A short course on Survival Analysis applied to the Financial Industry

3.1 The semiparametric model

A parametric survival model is one in which survival time (the outcome) is assumed to follow a known distribution. Examples of distributions that are commonly used for survival time are: the Weibull, the exponential (a special case of the Weibull), the log-logistic, the log-normal, etc.

The Cox proportional hazards model, by contrast, is not a fully parametric model. Rather it is a semi-parametric model because even if the regression parameters (the betas) are known, the distribution of the outcome remains unknown. The baseline survival (or hazard) function is not specified in a Cox model (we do not assume any shape or form).

As before, let \(T\) denote the time to some event. Our data, based on a sample of size \(n\), consists of the triple \((\widetilde{T}_i, \Delta_i, \textbf{X}_i\), \(i = 1,...,n\) where \(\widetilde{T}_i\) is the time on study for the \(i\)-th patient, \(\Delta_i\) is the event indicator for the \(i\)-th patient (\(\Delta_i=1\) if the event has occurred and \(\Delta_i=0\) if the lifetime is right-censored) and \(\textbf{X}_i= (X_{i1},\ldots, X_{ip})^t\) is the vector of covariates or risk factors for the \(i\)-th individual which may affect the survival distribution of \(T\).
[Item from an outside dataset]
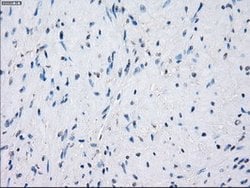 GBP2 Mouse anti-Human, Clone: OTI1E5, lyophilized, TrueMAB 100 &mu;g; Unconjugated:Antibodies,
Note that the covariates \(X_{ij}\), with \(j = 1, \ldots, p\), may be time-dependent as \(\textbf X_i(t)=(X_{i1},\ldots,X_{ip})^t\) whose value changes over time. This situation must be analyzed using the Extended Cox PH model. However, for ease of presentation, we shall consider the fixed-covariate case.

The Cox PH regression model (Cox 1972) is usually written in terms of the hazard model formula as follows

\[ h(t, \textbf X) = h_0(t) e^{\sum_{j=1}^p \beta_j X_j}. \]

This model gives an expression for the hazard at time \(t\) for an individual with a given specification of a set of explanatory variables denoted by the bold \(\textbf X\).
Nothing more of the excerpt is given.